After I signed 1,684 documents, some of them twice, we were mini-showered! My aunt and parents and Mom’s boss visited our Hecht’s registry and made some fabulous purchases. Not, of course, without difficulty. My aunt called me, panicked, that morning, telling me she had looked at the registry just out of “curiosity” and found some interesting information.

Before she told me what it was I knew. “Oh my gosh, it’s the wrong wedding.” Believe it or not, I have still not escaped the ghost of the wedding that never was. I remembered that my mother and I, in the absence of my “fiancé” at the time, had half-heartedly registered for china three years ago. Oops. And it was still in their system, under my nickname. Which is a name that many people know me by, meaning that the wrong registry was bound to be seen. And the boy is far too fantastic to have the ghost haunting our greatness. I wrote a strongly worded e-mail to the people there and received an immediate apology for any embarrassment it caused. “Oh, there is definitely embarrassment,” I replied, “but that’s certainly not your fault.”

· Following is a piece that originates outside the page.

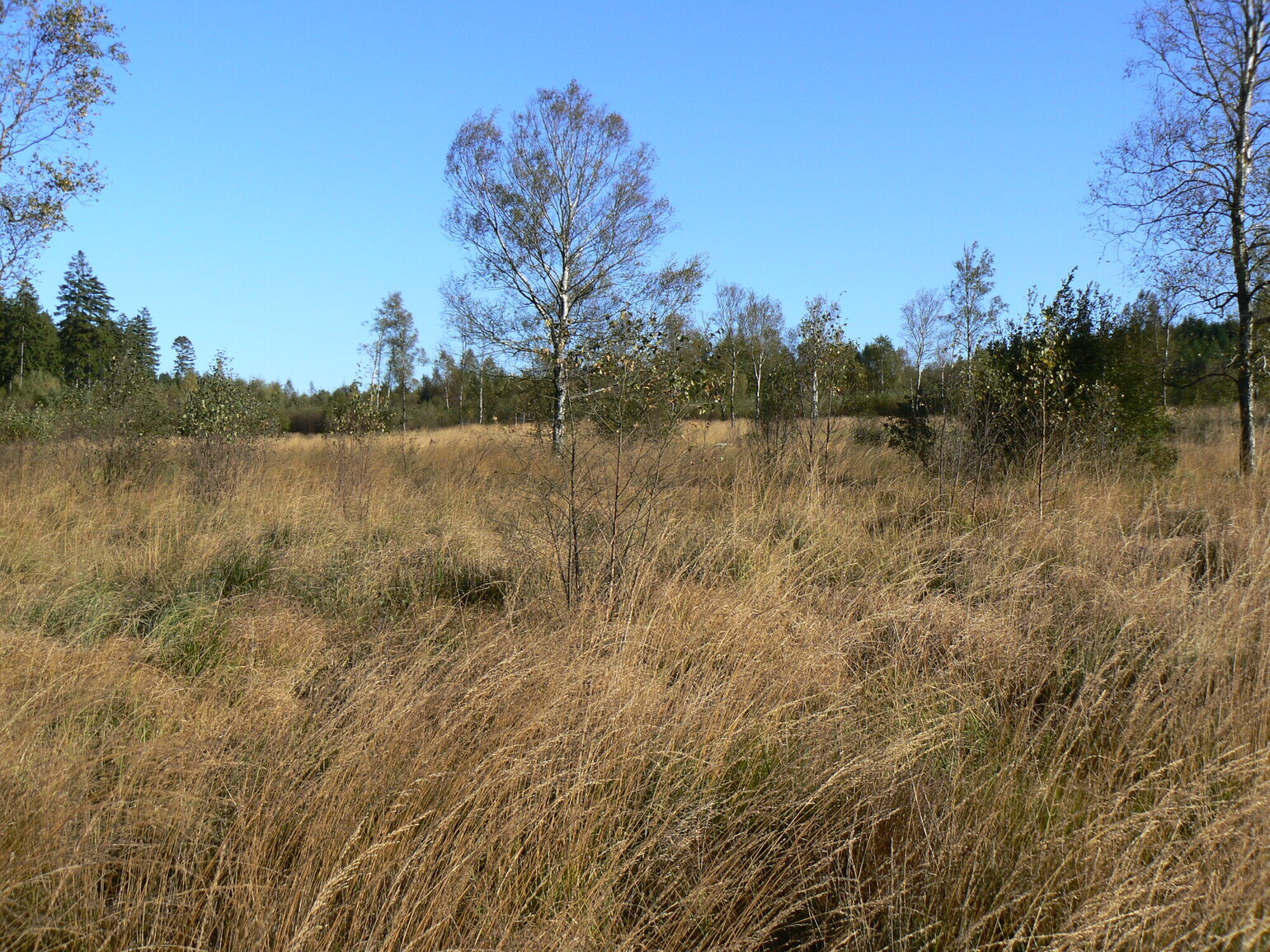 Croix Scaille  Fange de l'abîme_P_Van_Asbroeck.JPG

Incidentally, we also learned that The Boy got married to a certain Sherri Smith in New York a couple of years ago. I told him about this, and he said, “I knew that skeleton was bound to come out at some point.” I wonder if she needs a new wedding dress...

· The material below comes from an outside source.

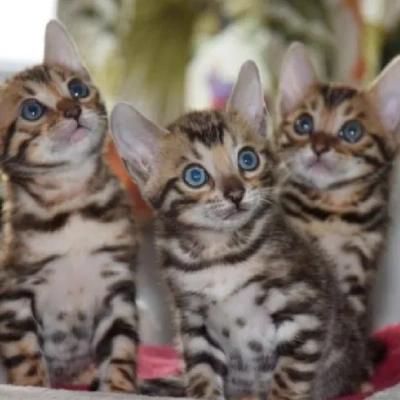 Bengal cat Price in Hyderabad | Bengal cats for sale in Hyderabad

At the settlement table, The Boy said, “We’re considered first time Maryland home buyers because the house I bought with my other wife was in New York.” Nice.

But, onto the mini-shower! We got great stuff, including our stellar, stemless red wine glasses (to go with the complimentary “Capitol Title Red Wine” we received at settlement) and champagne flutes (to go with the non-complimentary Brut we picked up later that night). Most important, though, was the package addressed only to The Boy. He was ecstatic (“THIS is what showers are like? I wanna come!”). He gently opened the paper to reveal a Waterford box. (“Ooh, it’s crystal,” he said. Do you realize how funny it is that, two weeks ago, he didn’t know that?) Yeah, so he got his beloved butter dish. A freaking $60 butter dish. THANK GOD.

We immediately went to The Home (as The Boy calls it), and toured it with my parents and Little Sister, who asked “Okay, which one is my room? I think I’d like the front one,” and then, “Can I paint my room any color I want?” Umm, no, probably not. The Boy has made great strides, some of them more than I can even handle, in this last year, but I don’t think a purple and pink striped guest room would fly with him. The man has his limits.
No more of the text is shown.